▶ _EXERCISE_:
Given the entries below, would you transcribe exactly the lines starting at the one with "Garnili Ceket &" and ending at the one with "Water leak sensor", both kept, pictures omitted, nothing extra?
SOURCE MATERIAL: Begin
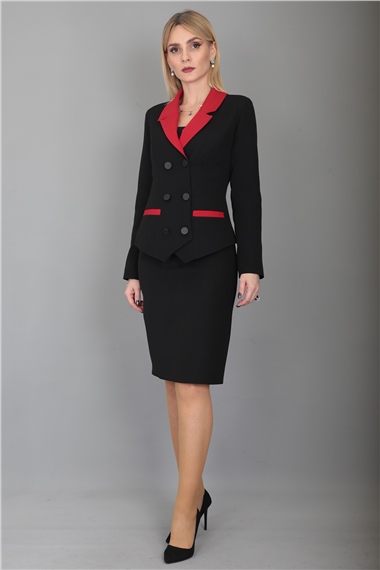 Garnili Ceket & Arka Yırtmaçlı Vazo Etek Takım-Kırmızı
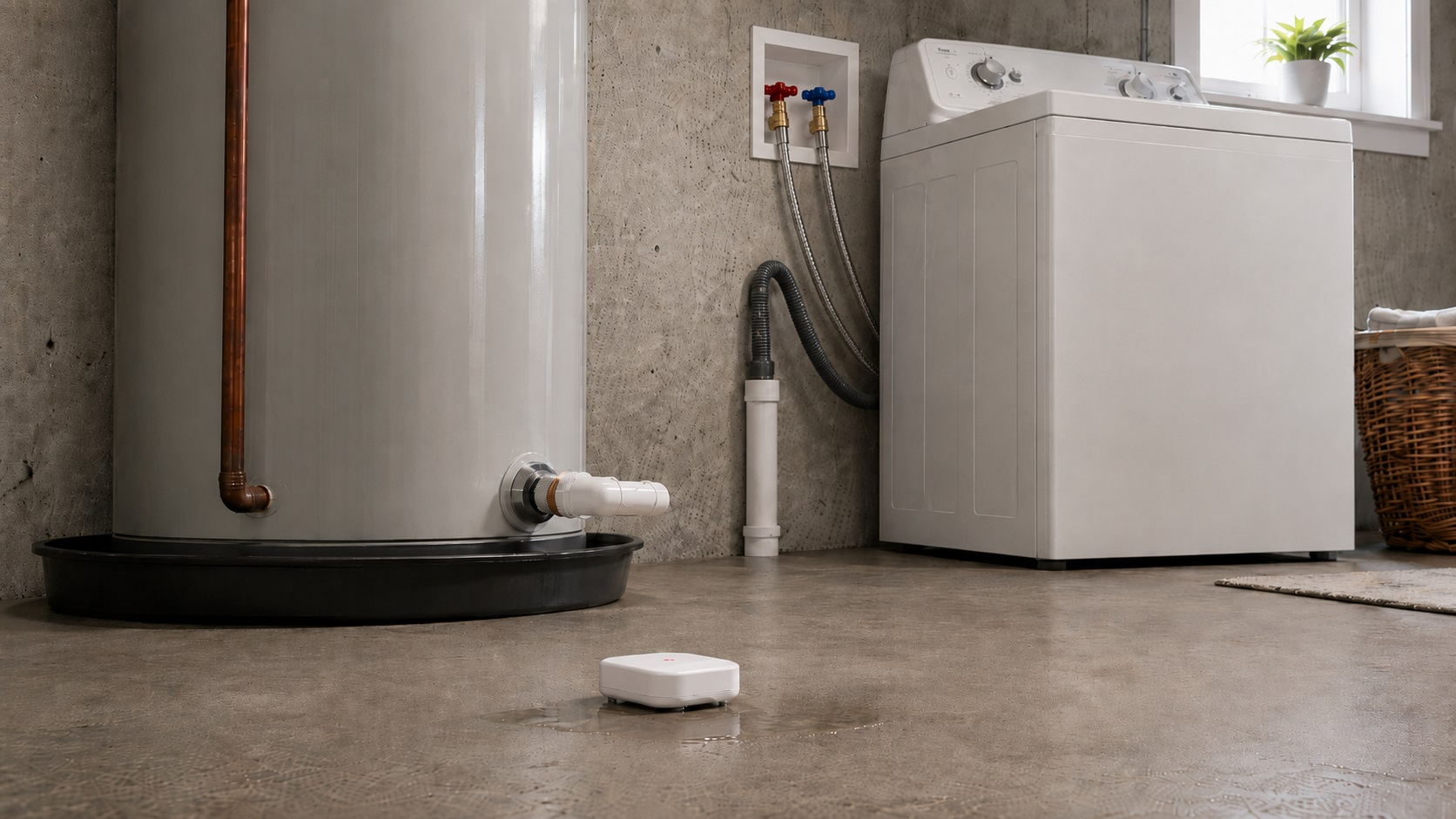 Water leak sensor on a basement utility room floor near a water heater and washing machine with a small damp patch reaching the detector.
SOURCE MATERIAL: End
SOURCE MATERIAL: Begin
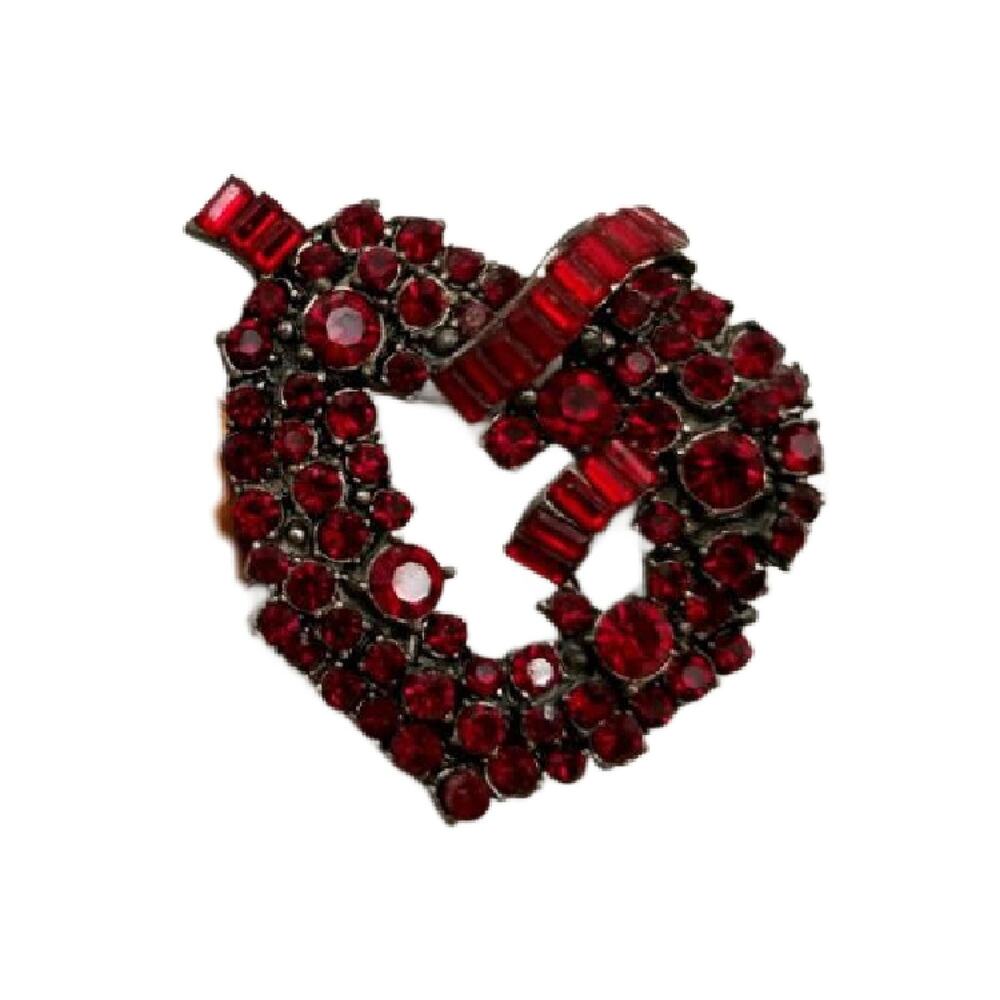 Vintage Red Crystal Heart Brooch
SOURCE MATERIAL: End
▶ _ANSWER TO THIS EXERCISE_:
 Garnili Ceket & Arka Yırtmaçlı Vazo Etek Takım-Kırmızı
 Water leak sensor on a basement utility room floor near a water heater and washing machine with a small damp patch reaching the detector.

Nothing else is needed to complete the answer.